MATERIAL PROVIDED
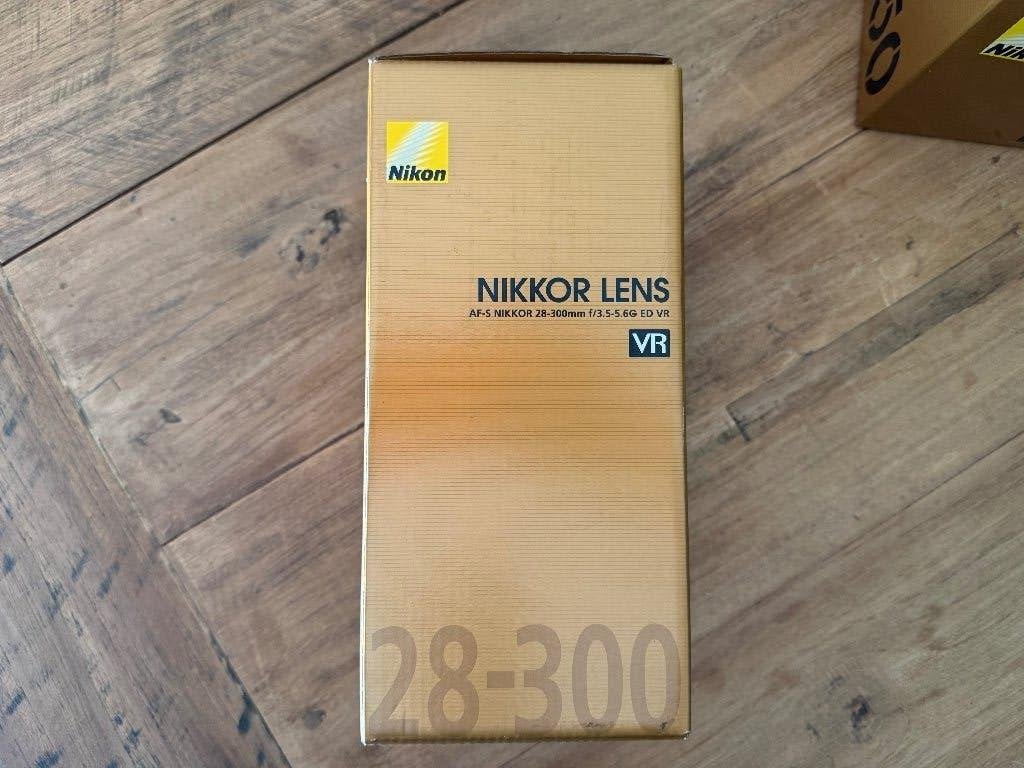 Nikon AF-S NIKKOR 28-300 mm f/3.5-5.6G ED VR - parfait état, TV, Hi-fi & Vidéo, Comme neuf, Enlèvement, Pare-soleil, Monture Nikon F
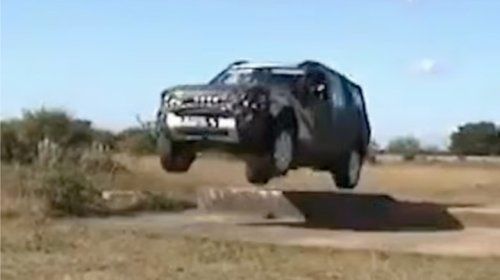 Spend 60 Seconds Of Your Day Watching A Land Rover LR3 Get Torture Tested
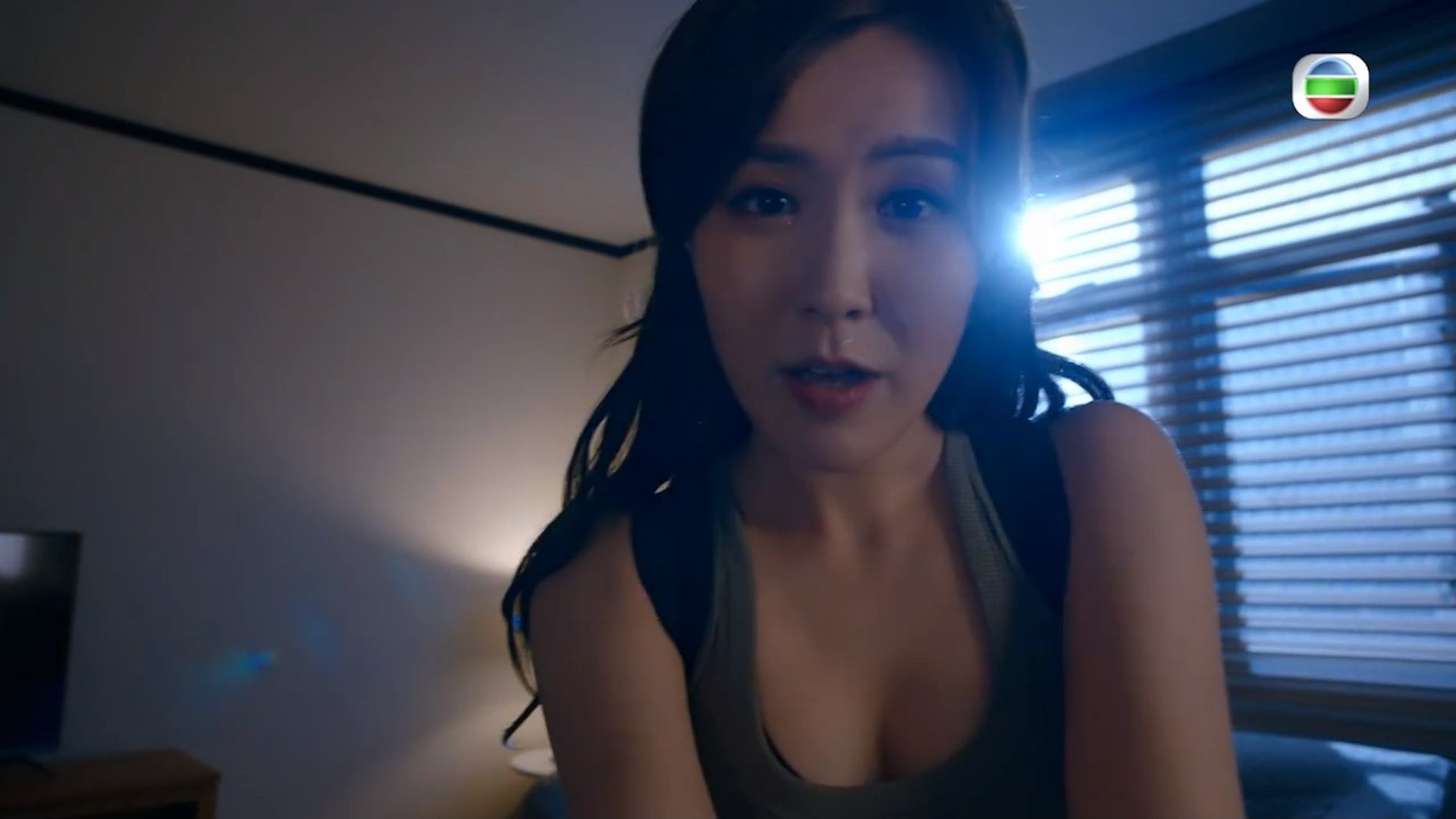 劉佩玥穿上小背心,把傲人的身材表露無違。(《隱形戰隊》截圖) 劉佩玥穿上小背心,把傲人的身材表露無違。(《隱形戰隊》截圖)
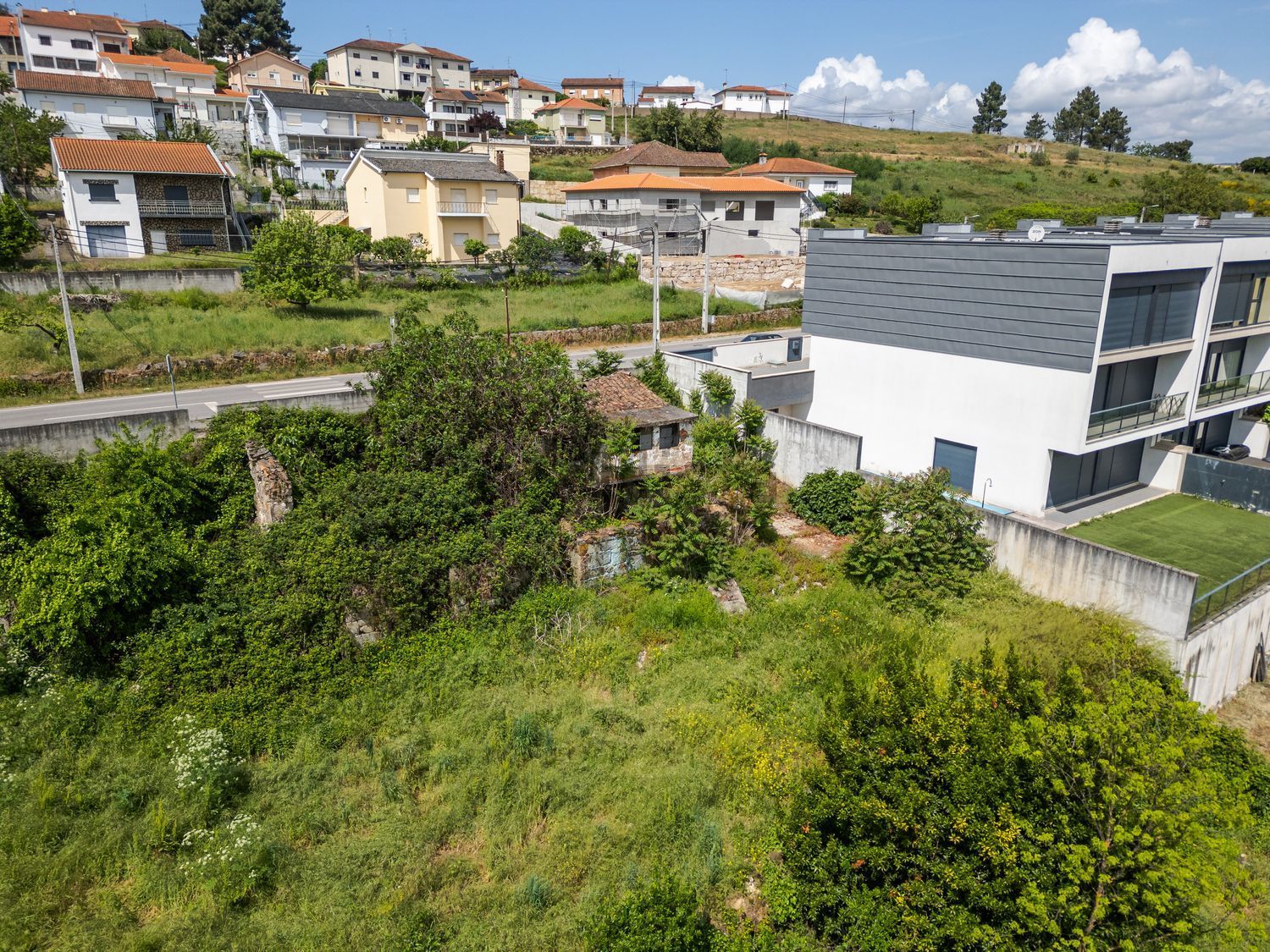 小楼房或独栋别墅出售在Avenida Bracara Augusta s/n - 外立面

YOUR GOAL
What you print must be exactly the lines from the one containing "Spend 60 Seconds" through the last line of the material, and no pictures.

YOUR SOLUTION
 Spend 60 Seconds Of Your Day Watching A Land Rover LR3 Get Torture Tested
 劉佩玥穿上小背心,把傲人的身材表露無違。(《隱形戰隊》截圖) 劉佩玥穿上小背心,把傲人的身材表露無違。(《隱形戰隊》截圖)
 小楼房或独栋别墅出售在Avenida Bracara Augusta s/n - 外立面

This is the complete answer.